Monday, October 2, 2017

The War I Missed




I turned 18 in 1972.  That was the year the last draft lottery took place.  The lottery applied only to those who had been born in 1953, though, and I was born in 1954.  I duly registered for the draft, but consequently wasn't drafted.  My draft card lies somewhere among the debris I've accumulated over the years, but there is no other token of the Vietnam War among that debris, nor did I become debris of that war as many others did.  The Burns/Novick production The Vietnam War serves to remind me of the war I was fortunate enough to miss.


I didn't know when I registered that there was no chance I would be drafted, unless another lottery was held.  In fact, I knew little enough of the war itself.  Though a Boomer, I wasn't an old enough Boomer for the war to have a great deal of impact on me personally.  I knew no veterans at the time.  As far as I can recall, there wasn't much discussion of the war among my friends in high school, or even in college.  We weren't threatened by it, not really.  By the time I graduated from college, of course, the war had ended.


What I remember of the war and those times is what I saw on TV or read in the newspapers.  Like most whose exposure to the war was thus limited, I knew very little, relatively speaking.  I never participated in a protest march.  I never protested.  I was 14 at the time the 1968 Democratic convention took place in Chicago, and saw footage of the rioting, heard the speeches at the convention, or some of them, watched the now famous, or infamous, Buckley/Vidal debates with what comprehension I had as a 14 year old, which I think wasn't much.


I'm a fairly avid reader, though, and read of the war as I grew older.  I knew, for example, that in purely tactical terms the Tet offensive was a miserable failure for the North long before the work of Mr. Burns and Ms.
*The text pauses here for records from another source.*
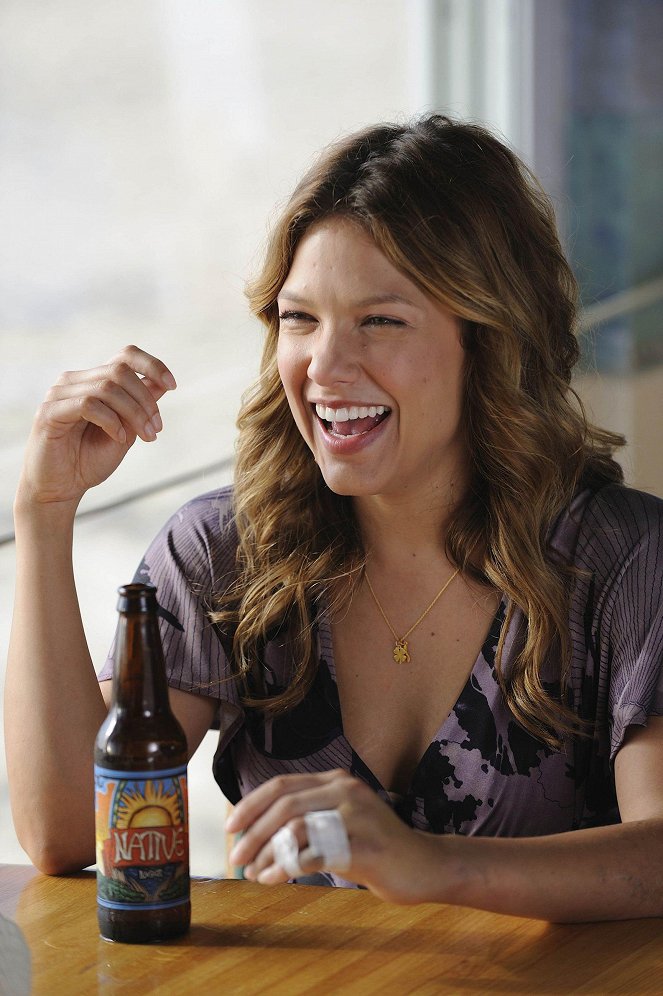 The Glades - Doppelganger - Do filme - Kiele Sanchez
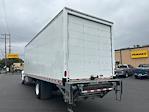 Used 2020 Hino 268A Single Cab Box Truck with Liftgate for sale #307364 - photo 6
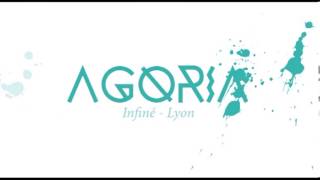 Pan-Tone : Agoria &amp; Worakls / Paloma (Nîmes) #1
Novick appeared on our TV sets, and knew also that our nation wasn't particularly impressed by that fact.  I knew the argument that we should have won, but could not win as the war wasn't supported by the nation.  I knew that this lack of support was sometimes blamed on liberals or the liberal media.   I tend to think that an empire failed to do justice to its soldiers, and failed even to recognize that it was an empire engaged in a war of empire, between empires.

I knew the argument we should not have been there in the first place, knew of the incursions into Laos. the troop withdrawals late in the war, the largely ineffective "peace talks", Kent State, the march on the Pentagon (I read Norman Mailer's The Armies of the Night; also Miami and the Siege of Chicago), the murders of Robert Kennedy and Martin Luther King, the campus protests.  Much is called to mind in watching Burns/Novick's version of the war.

What I didn't know, most of all, was what happened to those who fought or otherwise served in the war.  This documentary does us a great service by informing us of what happened to them, and what they thought and think about it. 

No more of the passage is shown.